Justo cuando Renato acababa de hablar, el vino en todos los vasos se transformó en leche.
Todo el cuarto se llenó con el olor intenso de la leche.
Selena sabía muy bien que lo hacían a propósito, y no pudo evitar reírse.
Esta gente...
Ella pensaba que los amigos de David eran gente muy seria.
Quién lo diría, resultaron ser bastante divertidos.
"De todas maneras, ¡gracias por rescatarme!"
"Rescatar a mi futura cuñada fue un honor."
El sonido de los vasos de vidrio comenzaron a chocar entre sí y la leche pintaba los bordes llenó el aire.

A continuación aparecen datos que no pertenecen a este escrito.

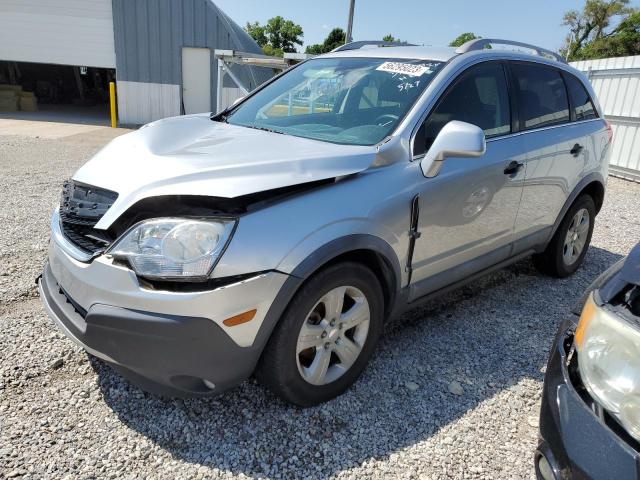 CHEVROLET CAPTIVA LS 2014 3gnal2ek3es566985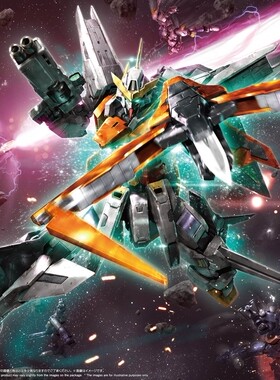 全场特价清仓包邮 机动战士敢达 MG 主天使 00高达 万代正版拼装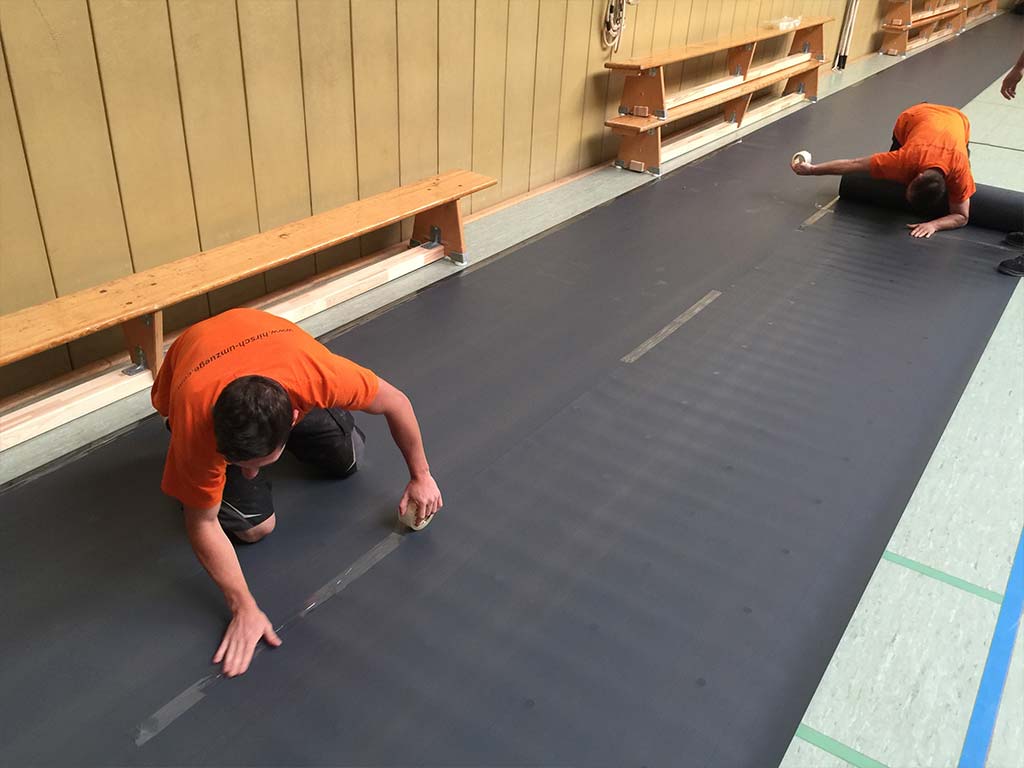 Gewerbe Industrie Umzüge Spedition Hirsch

Renato sostenía su vaso con ambas manos, mirando el líquido blanco en su interior, tragando saliva.
El mundo de los adultos, él simplemente no lo entendía.
Levantó su cabeza y de un trago se terminó la leche en su vaso.
Selena también terminó su bebida, mostrando plenamente su gratitud.
"¿Ya terminaron?"
La voz fría de David sonó justo en ese momento, haciendo que Renato se pusiera nervioso de inmediato.
¿Él... todavía no planeaba perdonarlo?
Miró a David con precaución: "David, ya te dije que no tienes que agradecerme, ¡fue mi suerte poder rescatar a mi cuñada!"
"¿En serio?"
Renato asintió rápidamente: "¡Sí, sí, definitivamente sí!"
La mirada de David se posó lentamente en los labios de Selena, y luego suavemente limpió la leche en la esquina de su boca.
Su gesto fue natural, y aunque Selena se comportó muy generosamente esa noche, no pudo controlar su rubor ante tanta gente.
Al ver su timidez, David rio.
¿David... estaba riendo?
¿Esa cara seria pudo sonreír?
Renato, sentado a su lado, sintió como si su boca se llenara de saliva de repente.
¿Un hombre adulto, podía estar tan emocionado bebiendo leche?
Giró la cabeza y miró a Octavio, que había estado en silencio todo el tiempo, pensando que él no seguiría los gustos de David.
Sin embargo, para su sorpresa, frente a ellos había vasos con leche fresca.
"¿Ya bebiste?" le preguntó a Octavio.
"Ya bebí." Octavio sonrió, su mirada cayó sobre los vasos de vino sobre la mesa.
Renato no podía imaginar a Octavio bebiendo leche a grandes tragos, se acercó a él y dijo en voz baja: "También convence a David, ¿quién viene aquí solo a beber leche? Se burlarán de nosotros cuando paguemos la cuenta, ¿sabes?"
"Creo que está bien, la leche... es algo bueno, y también ahorra dinero."
Renato rechinó los dientes.
¡Haber escuchado decir "ahorro" de su boca, era tan falso como podría ser!
¿Aún consideraría el dinero un problema cuando se trataba de gastar en la mujer a su lado?
"¿No sueles ser indiferente? Puedo entender las travesuras de David, ¿por qué te unes a la locura?"
Octavio lo miró casualmente, su voz calmada sin embargo sonaba un poco más alta de lo normal: "¿Qué dijiste? ¿David está haciendo travesuras? ¿Y luego? No escuché bien lo que dijiste después."